# **Regularization**

## **Example**

Let’s say we want to build a linear regression model to predict the house prices based on some features, such as the number of rooms, the size of the house, the location, etc. We have a training dataset of 100 houses with their features and prices, and we want to use gradient descent to find the optimal weights for our model.

However, we notice that our model is overfitting the training data, meaning that it has a very low training error but a high test error when we evaluate it on new data. This means that our model is too complex and it learns the noise in the training data instead of the general patterns.

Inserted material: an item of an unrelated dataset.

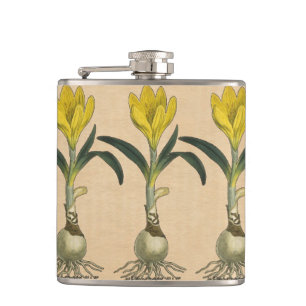 Petaca Flor Jardín Botánico Amaryllis Tulip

To prevent overfitting, we can use regularization techniques such as L2 or L1 regularization. These techniques add a penalty term to the loss function that depends on the magnitude of the weights. The penalty term makes the model prefer smaller weights and reduces the complexity of the model.

For example, if we use L2 regularization, our loss function becomes:

$$
L = \frac{1}{2n} \sum{i=1}^n(y_i - \hat{y_i})^2 + \lambda \sum_{j=1}^m w_j^2
$$

where:

- L is the loss function with L2 regularization.
- n is the number of training examples.
- yi​ is the true price of the i-th house.
- y^​i​ is the predicted price of the i-th house.
- λ is the regularization parameter that controls the strength of the regularization.
- m is the number of features.
- wj​ is the weight of the j-th feature

The first term in the loss function is the mean squared error (MSE) that measures how well our model fits the data. The second term is the L2 regularization term that penalizes large weights and makes them shrink towards zero. The regularization parameter λ determines how much we want to regularize our model. A larger λ means more regularization and less overfitting, but also more bias and less variance. A smaller λ means less regularization and more overfitting, but also less bias and more variance.

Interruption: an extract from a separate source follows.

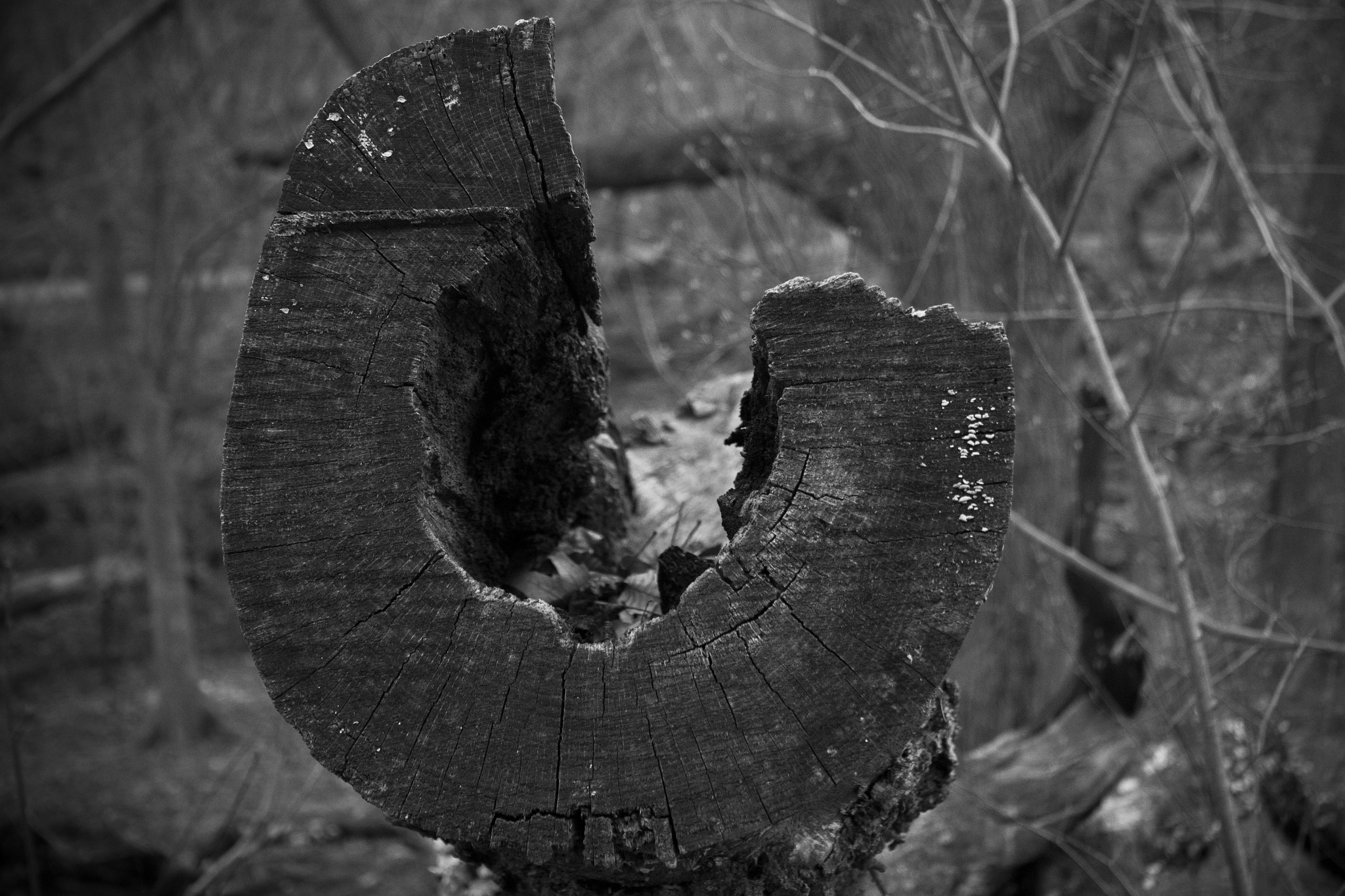 Canon EF-S 18-55mm F3.5-5.6 III sample photo. Macro forest photography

By using regularization, we can improve the performance of our model on new data and avoid overfitting. We can also use other regularization techniques such as L1 or elastic net for different effects and trade-offs

## **Formula for some Regression Models**

**Logistic Regression**

Logistic regression is a type of binary classification model that predicts the probability of an example belonging to a positive class. The output function of logistic regression is:

$$
\hat{y} = \sigma(Wx + b)
$$

where:

- $\hat{y}$ is the predicted probability of the positive class.
- $\sigma$ is the sigmoid function that maps any real number to a value between 0 and 1.
- $W$ is the weight matrix of the model.
- $x$ is the input vector of features.
- $b$ is the bias vector of the model.

The loss function of logistic regression without regularization is:

$$
L = - \frac{1}{n} \sum_{i=1}^n [y_i \log(\hat{y}_i) + (1 - y_i) \log(1 - \hat{y}_i)]
$$

where:

- $L$ is the loss function without regularization.
- $n$ is the number of training examples.
- $y_i$ is the true label of the i-th example (0 or 1).
- $\hat{y}_i$ is the predicted probability of the i-th example.

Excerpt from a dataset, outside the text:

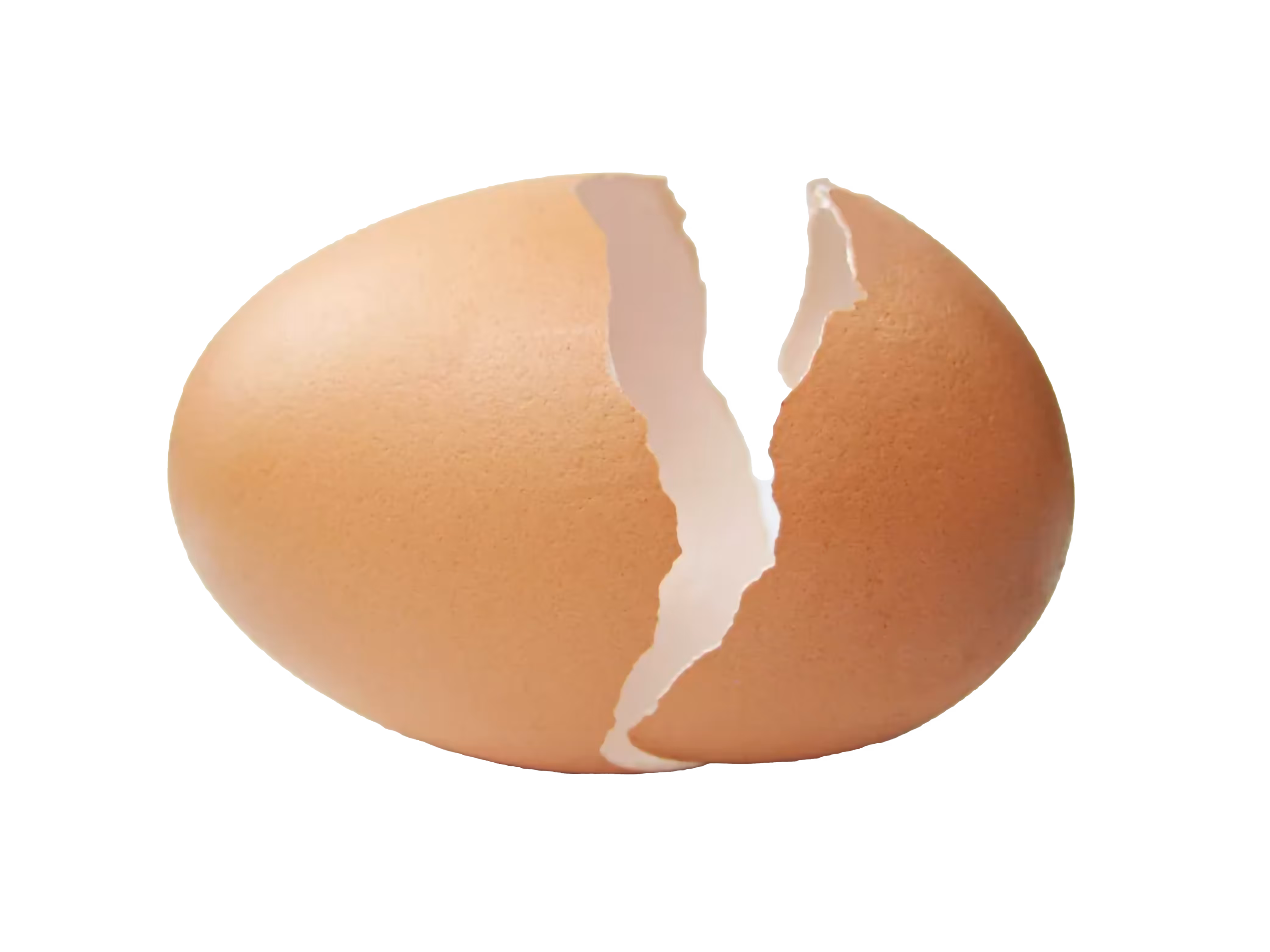 Brown egg cracked open with visible jagged edges on the shell.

The loss function of logistic regression with L2 regularization is:

$$
L = - \frac{1}{n} \sum_{i=1}^n [y_i \log(\hat{y}_i) + (1 - y_i) \log(1 - \hat{y}_i)] + \lambda \sum_{j=1}^m w_j^2
$$

where:

- $L$ is the loss function with L2 regularization.
- $\lambda$ is the regularization parameter that controls the strength of the regularization.
- $m$ is the number of features.
- $w_j$ is the weight of the j-th feature.


**Softmax Regression**

Softmax regression is a type of multiclass classification model that predicts the probability of an example belonging to one of K classes. The output function of softmax regression is:

$$
\hat{y}_k = \frac{\exp(W_k x + b_k)}{\sum_{j=1}^K \exp(W_j x + b_j)}
$$

where:

- $\hat{y}_k$ is the predicted probability of the k-th class.
- $W_k$ is the weight vector of the k-th class.
- $x$ is the input vector of features.
- $b_k$ is the bias term of the k-th class.
- $K$ is the number of classes.

The loss function of softmax regression without regularization is:

$$
L = - \frac{1}{n} \sum_{i=1}^n \sum_{k=1}^K y_{ik} \log(\hat{y}_{ik})
$$

where:

- $L$ is the loss function without regularization.
- $n$ is the number of training examples.
- $y_{ik}$ is the true label of the i-th example for the k-th class (0 or 1).
- $\hat{y}_{ik}$ is the predicted probability of the i-th example for the k-th class.

The loss function of softmax regression with L2 regularization is:

$$
L = - \frac{1}{n} \sum_{i=1}^n \sum_{k=1}^K y_{ik} \log(\hat{y}_{ik}) + \lambda \sum_{k=1}^K \sum_{j=1}^m w_{kj}^2
$$

where:

- $L$ is the loss function with L2 regularization.
- $\lambda$ is the regularization parameter that controls the strength of the regularization.
- $m$ is the number of features.
- $w_{kj}$ is the weight of the j-th feature for the k-th class.